**Problem statement**.
The records that follow must be repeated verbatim, every one of them.

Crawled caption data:

'''

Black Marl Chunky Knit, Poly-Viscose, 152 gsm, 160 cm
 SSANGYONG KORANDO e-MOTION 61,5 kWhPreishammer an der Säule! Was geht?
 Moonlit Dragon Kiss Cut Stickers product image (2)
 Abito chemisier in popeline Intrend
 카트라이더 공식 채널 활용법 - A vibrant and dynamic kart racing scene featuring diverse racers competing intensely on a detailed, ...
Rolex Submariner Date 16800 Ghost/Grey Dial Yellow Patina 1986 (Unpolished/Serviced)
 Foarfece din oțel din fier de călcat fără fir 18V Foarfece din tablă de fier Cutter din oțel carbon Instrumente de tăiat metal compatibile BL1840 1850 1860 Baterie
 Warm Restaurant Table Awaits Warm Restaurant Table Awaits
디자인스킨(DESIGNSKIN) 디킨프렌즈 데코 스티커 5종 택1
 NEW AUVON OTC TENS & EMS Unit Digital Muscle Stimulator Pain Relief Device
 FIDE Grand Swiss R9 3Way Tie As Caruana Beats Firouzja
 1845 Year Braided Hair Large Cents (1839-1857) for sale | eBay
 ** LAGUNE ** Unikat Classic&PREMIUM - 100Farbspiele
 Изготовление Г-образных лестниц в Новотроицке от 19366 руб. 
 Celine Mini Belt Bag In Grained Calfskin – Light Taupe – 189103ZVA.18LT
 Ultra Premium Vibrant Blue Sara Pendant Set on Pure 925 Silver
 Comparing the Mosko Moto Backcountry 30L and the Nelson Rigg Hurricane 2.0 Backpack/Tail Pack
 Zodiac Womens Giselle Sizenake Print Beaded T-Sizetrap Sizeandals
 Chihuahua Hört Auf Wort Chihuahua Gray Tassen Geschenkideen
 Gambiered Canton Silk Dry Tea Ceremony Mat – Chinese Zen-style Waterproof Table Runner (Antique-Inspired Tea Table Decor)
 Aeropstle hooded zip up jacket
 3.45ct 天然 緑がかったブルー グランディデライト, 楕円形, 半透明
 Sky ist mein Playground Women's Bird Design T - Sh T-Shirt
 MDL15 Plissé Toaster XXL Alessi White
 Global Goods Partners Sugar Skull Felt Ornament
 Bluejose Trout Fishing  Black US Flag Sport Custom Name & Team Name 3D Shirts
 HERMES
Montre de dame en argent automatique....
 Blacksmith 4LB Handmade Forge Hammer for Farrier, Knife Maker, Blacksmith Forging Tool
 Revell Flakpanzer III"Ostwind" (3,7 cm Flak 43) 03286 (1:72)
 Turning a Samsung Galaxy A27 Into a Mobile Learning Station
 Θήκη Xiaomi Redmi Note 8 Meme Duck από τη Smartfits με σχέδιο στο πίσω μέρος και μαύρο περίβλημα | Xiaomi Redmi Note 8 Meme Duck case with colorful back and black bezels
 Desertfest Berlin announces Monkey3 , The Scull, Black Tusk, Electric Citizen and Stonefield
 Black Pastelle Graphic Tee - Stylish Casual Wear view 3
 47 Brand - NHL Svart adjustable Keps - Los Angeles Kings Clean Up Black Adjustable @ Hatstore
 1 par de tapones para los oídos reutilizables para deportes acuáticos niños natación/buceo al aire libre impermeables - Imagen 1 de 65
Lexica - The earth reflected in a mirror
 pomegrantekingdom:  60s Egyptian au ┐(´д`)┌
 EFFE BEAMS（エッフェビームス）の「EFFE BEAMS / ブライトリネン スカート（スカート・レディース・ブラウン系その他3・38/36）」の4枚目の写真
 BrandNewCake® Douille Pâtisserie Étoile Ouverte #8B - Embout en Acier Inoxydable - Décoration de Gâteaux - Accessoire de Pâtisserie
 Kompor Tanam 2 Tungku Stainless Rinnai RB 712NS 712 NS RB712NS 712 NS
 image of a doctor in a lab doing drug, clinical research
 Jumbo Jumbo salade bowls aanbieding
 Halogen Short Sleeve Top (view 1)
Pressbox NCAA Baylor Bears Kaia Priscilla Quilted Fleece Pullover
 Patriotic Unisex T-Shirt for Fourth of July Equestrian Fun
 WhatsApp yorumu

'''

**Written response**.
Black Marl Chunky Knit, Poly-Viscose, 152 gsm, 160 cm
 SSANGYONG KORANDO e-MOTION 61,5 kWhPreishammer an der Säule! Was geht?
 Moonlit Dragon Kiss Cut Stickers product image (2)
 Abito chemisier in popeline Intrend
 카트라이더 공식 채널 활용법 - A vibrant and dynamic kart racing scene featuring diverse racers competing intensely on a detailed, ...
Rolex Submariner Date 16800 Ghost/Grey Dial Yellow Patina 1986 (Unpolished/Serviced)
 Foarfece din oțel din fier de călcat fără fir 18V Foarfece din tablă de fier Cutter din oțel carbon Instrumente de tăiat metal compatibile BL1840 1850 1860 Baterie
 Warm Restaurant Table Awaits Warm Restaurant Table Awaits
디자인스킨(DESIGNSKIN) 디킨프렌즈 데코 스티커 5종 택1
 NEW AUVON OTC TENS & EMS Unit Digital Muscle Stimulator Pain Relief Device
 FIDE Grand Swiss R9 3Way Tie As Caruana Beats Firouzja
 1845 Year Braided Hair Large Cents (1839-1857) for sale | eBay
 ** LAGUNE ** Unikat Classic&PREMIUM - 100Farbspiele
 Изготовление Г-образных лестниц в Новотроицке от 19366 руб. 
 Celine Mini Belt Bag In Grained Calfskin – Light Taupe – 189103ZVA.18LT
 Ultra Premium Vibrant Blue Sara Pendant Set on Pure 925 Silver
 Comparing the Mosko Moto Backcountry 30L and the Nelson Rigg Hurricane 2.0 Backpack/Tail Pack
 Zodiac Womens Giselle Sizenake Print Beaded T-Sizetrap Sizeandals
 Chihuahua Hört Auf Wort Chihuahua Gray Tassen Geschenkideen
 Gambiered Canton Silk Dry Tea Ceremony Mat – Chinese Zen-style Waterproof Table Runner (Antique-Inspired Tea Table Decor)
 Aeropstle hooded zip up jacket
 3.45ct 天然 緑がかったブルー グランディデライト, 楕円形, 半透明
 Sky ist mein Playground Women's Bird Design T - Sh T-Shirt
 MDL15 Plissé Toaster XXL Alessi White
 Global Goods Partners Sugar Skull Felt Ornament
 Bluejose Trout Fishing  Black US Flag Sport Custom Name & Team Name 3D Shirts
 HERMES
Montre de dame en argent automatique....
 Blacksmith 4LB Handmade Forge Hammer for Farrier, Knife Maker, Blacksmith Forging Tool
 Revell Flakpanzer III"Ostwind" (3,7 cm Flak 43) 03286 (1:72)
 Turning a Samsung Galaxy A27 Into a Mobile Learning Station
 Θήκη Xiaomi Redmi Note 8 Meme Duck από τη Smartfits με σχέδιο στο πίσω μέρος και μαύρο περίβλημα | Xiaomi Redmi Note 8 Meme Duck case with colorful back and black bezels
 Desertfest Berlin announces Monkey3 , The Scull, Black Tusk, Electric Citizen and Stonefield
 Black Pastelle Graphic Tee - Stylish Casual Wear view 3
 47 Brand - NHL Svart adjustable Keps - Los Angeles Kings Clean Up Black Adjustable @ Hatstore
 1 par de tapones para los oídos reutilizables para deportes acuáticos niños natación/buceo al aire libre impermeables - Imagen 1 de 65
Lexica - The earth reflected in a mirror
 pomegrantekingdom:  60s Egyptian au ┐(´д`)┌
 EFFE BEAMS（エッフェビームス）の「EFFE BEAMS / ブライトリネン スカート（スカート・レディース・ブラウン系その他3・38/36）」の4枚目の写真
 BrandNewCake® Douille Pâtisserie Étoile Ouverte #8B - Embout en Acier Inoxydable - Décoration de Gâteaux - Accessoire de Pâtisserie
 Kompor Tanam 2 Tungku Stainless Rinnai RB 712NS 712 NS RB712NS 712 NS
 image of a doctor in a lab doing drug, clinical research
 Jumbo Jumbo salade bowls aanbieding
 Halogen Short Sleeve Top (view 1)
Pressbox NCAA Baylor Bears Kaia Priscilla Quilted Fleece Pullover
 Patriotic Unisex T-Shirt for Fourth of July Equestrian Fun
 WhatsApp yorumu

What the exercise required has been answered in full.